(Brief descriptive captions)
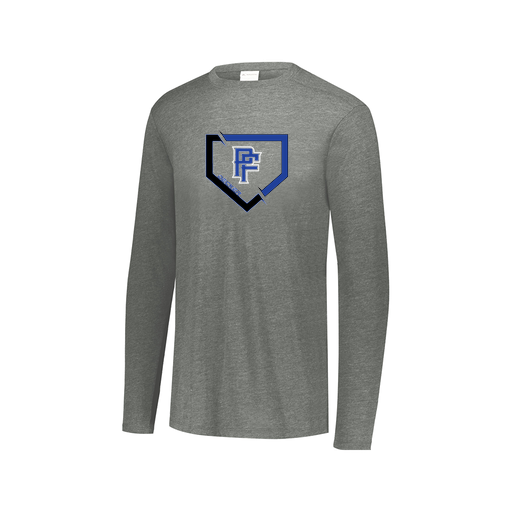 [FTLCUBGY-AXS-LOGO1] Decker Men's Tri-Blend T-Shirt - Long Sleeve (Adult XS, Gray, Logo 1)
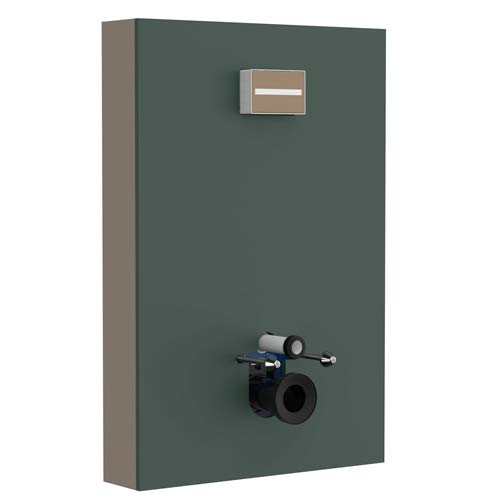 Pack Duplo Delta con módulo inodoro, 800x180x1200 mm, verde mate, (A852611513)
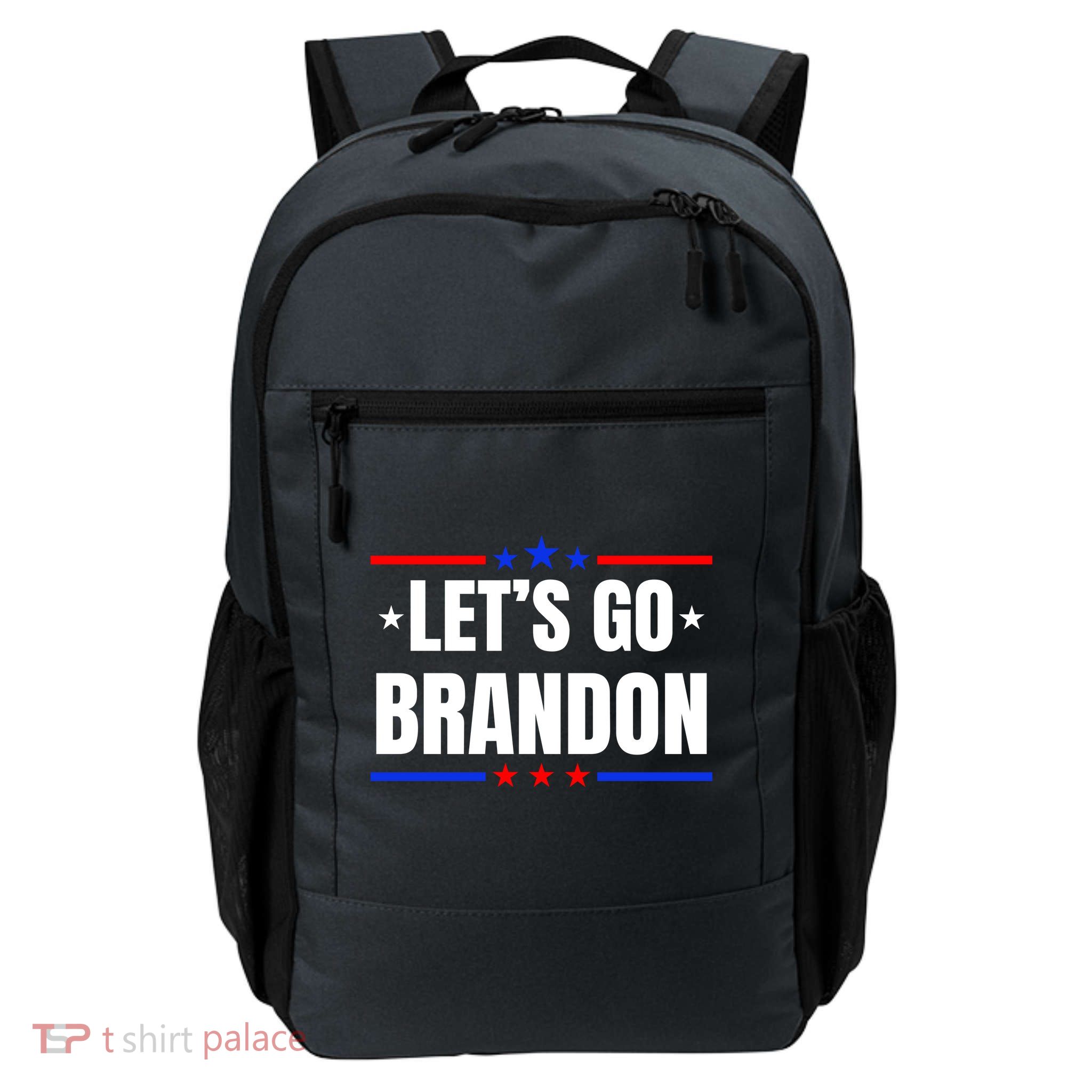 Lets Go Brandon Machado Stars And Strips LGB Daily Commute Backpack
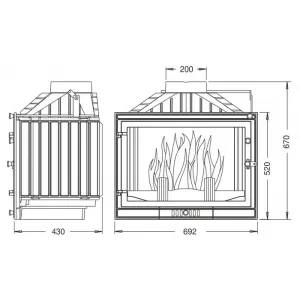 Uniflam - 700 ECO Standard s klapkou
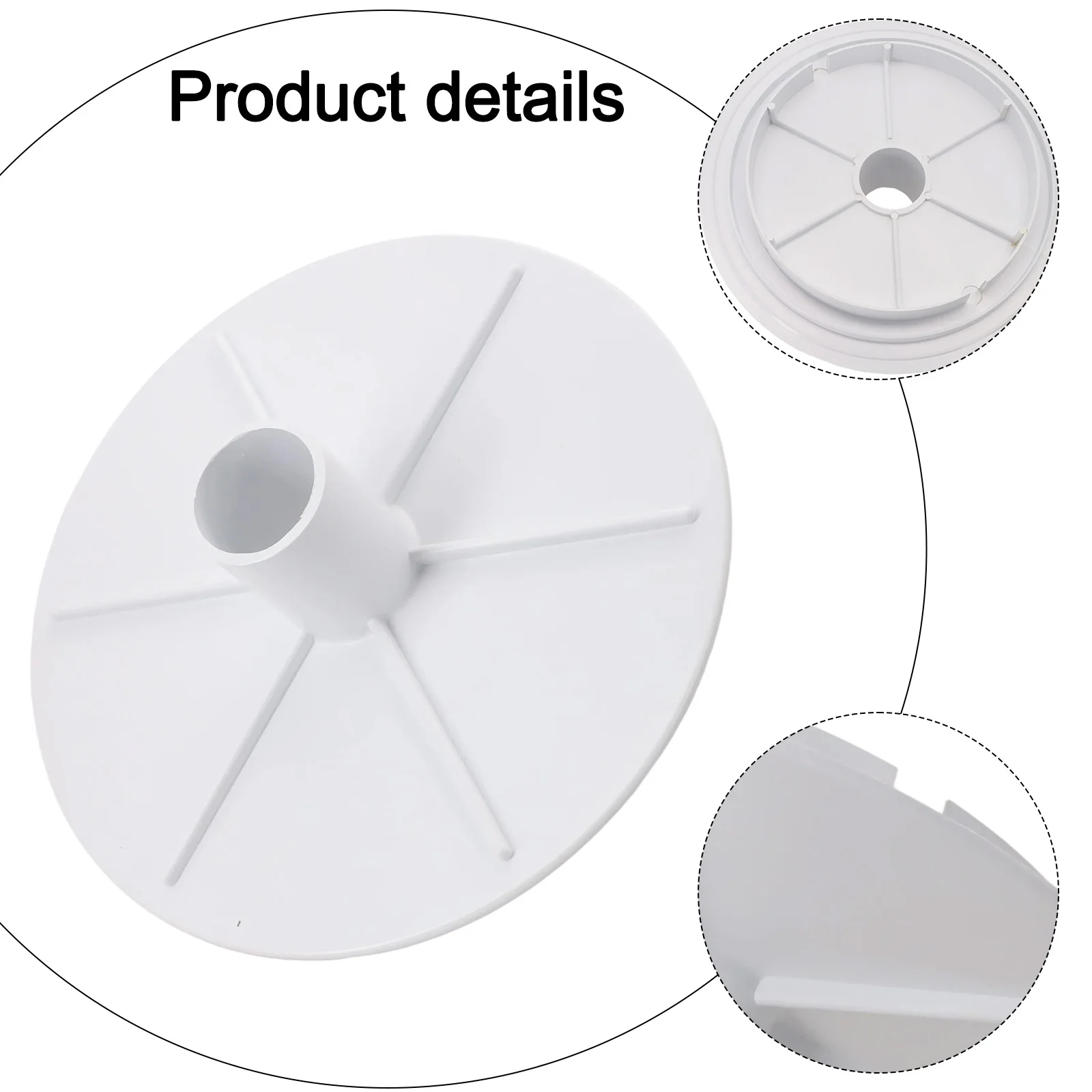 Debris Collection 8 Inch Pool Skimmer Easy Installation Efficient Debris Collection Adapter Scrubber For S15 Skimmer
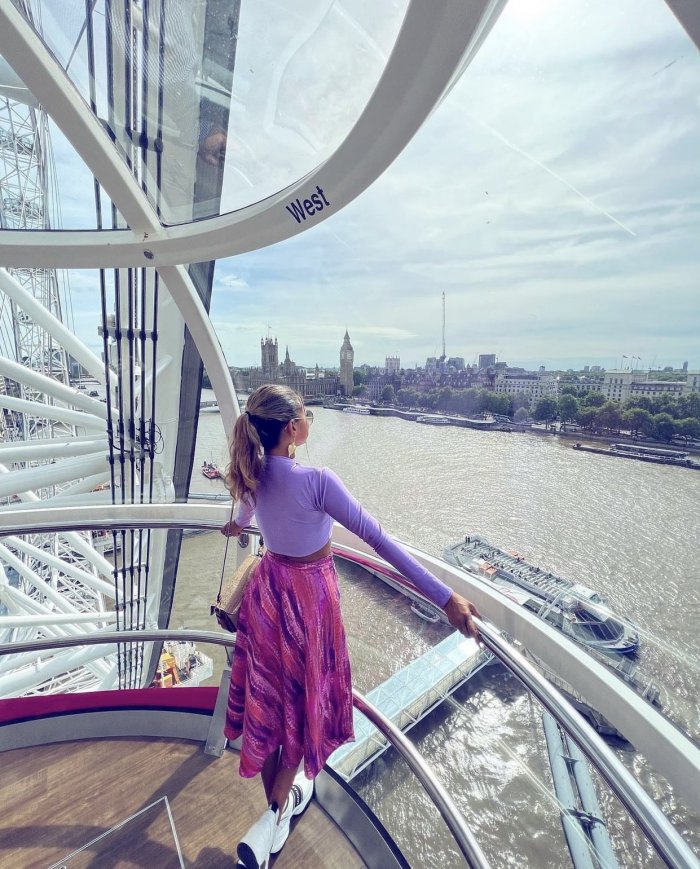 Tận hưởng tầm nhìn 360 độ toàn cảnh Vòng quay London Eye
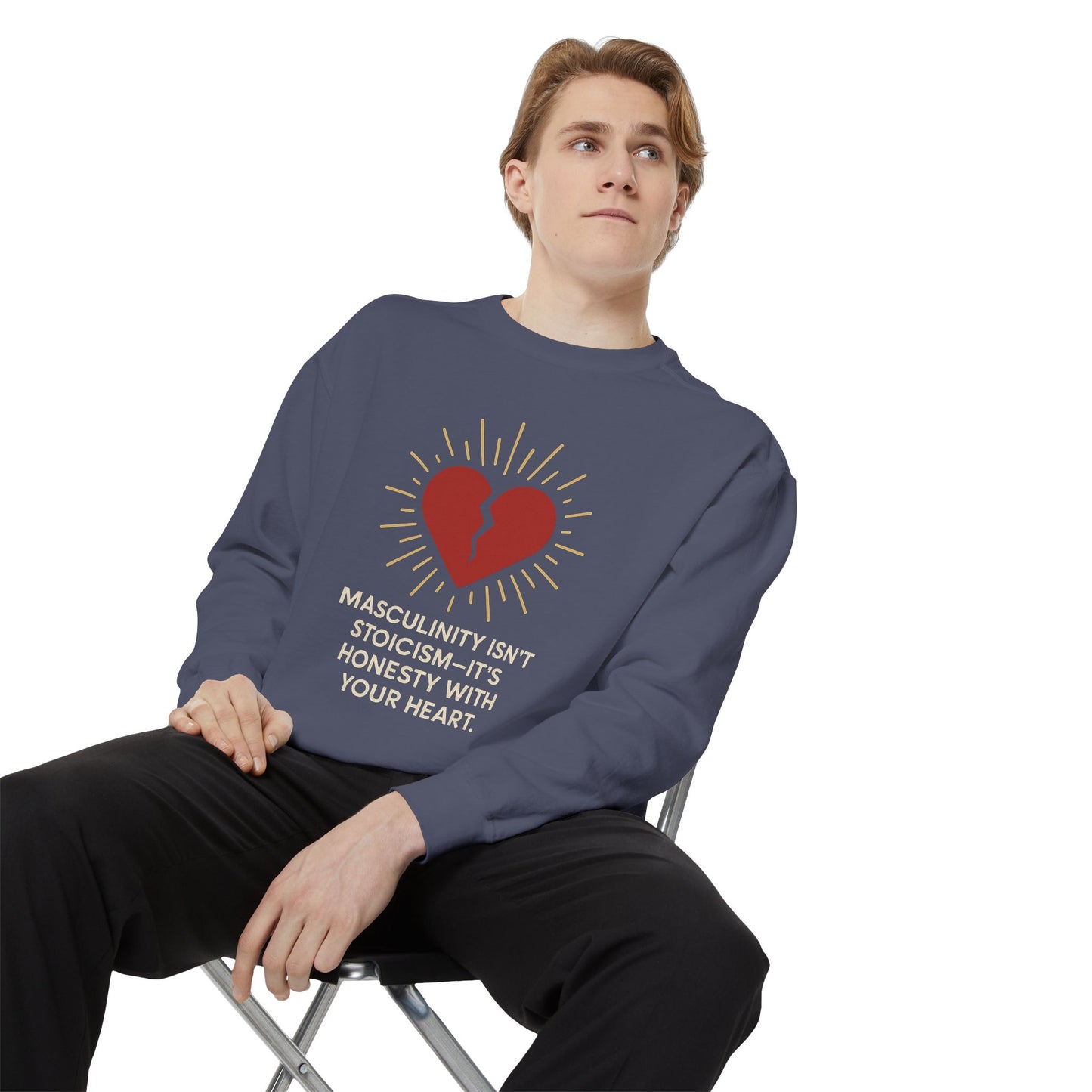 Heartfelt Unisex Sweatshirt - Perfect for Open Conversations, Gifts for Men, Casual Comfort Wear, Self-Expression Apparel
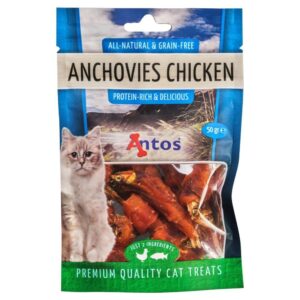 Antos Gato Anchoa y pollo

What the exercise asks: A faithful copy of the data is required: each word kept, each picture omitted.

Reply to the task:
 [FTLCUBGY-AXS-LOGO1] Decker Men's Tri-Blend T-Shirt - Long Sleeve (Adult XS, Gray, Logo 1)
 Pack Duplo Delta con módulo inodoro, 800x180x1200 mm, verde mate, (A852611513)
 Lets Go Brandon Machado Stars And Strips LGB Daily Commute Backpack
 Uniflam - 700 ECO Standard s klapkou
 Debris Collection 8 Inch Pool Skimmer Easy Installation Efficient Debris Collection Adapter Scrubber For S15 Skimmer
 Tận hưởng tầm nhìn 360 độ toàn cảnh Vòng quay London Eye
 Heartfelt Unisex Sweatshirt - Perfect for Open Conversations, Gifts for Men, Casual Comfort Wear, Self-Expression Apparel
 Antos Gato Anchoa y pollo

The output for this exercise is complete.